Supplied data —
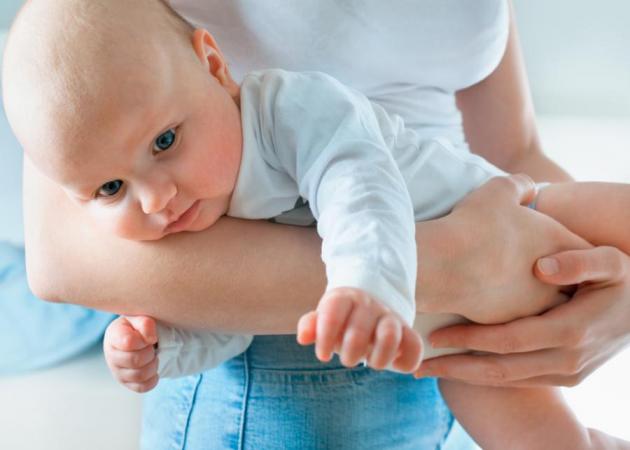 Πώς θα κάνεις το μωρό σου να ρευτεί; Ο παιδίατρος εξηγεί!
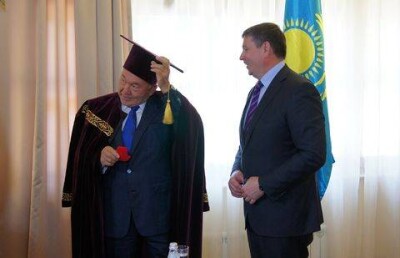 Назарбаеву вручили диплом Почётного доктора Уральского федерального университета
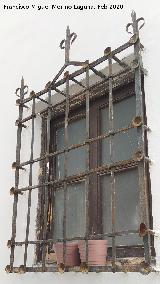 Rejer�a de rosetas. Reja de rosetas con picas. Calle Horno de San Pablo - �beda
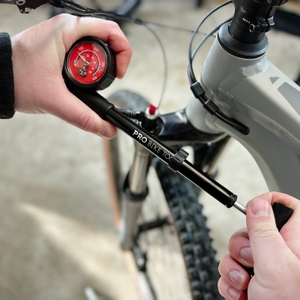 Die Pumpe wird auseinandergezogen. Der Griff wird mit der anderen Hand gehalten.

Task goal — Would you retype each line above exactly and skip every image?

Your response —
 Πώς θα κάνεις το μωρό σου να ρευτεί; Ο παιδίατρος εξηγεί!
 Назарбаеву вручили диплом Почётного доктора Уральского федерального университета
 Rejer�a de rosetas. Reja de rosetas con picas. Calle Horno de San Pablo - �beda
 Die Pumpe wird auseinandergezogen. Der Griff wird mit der anderen Hand gehalten.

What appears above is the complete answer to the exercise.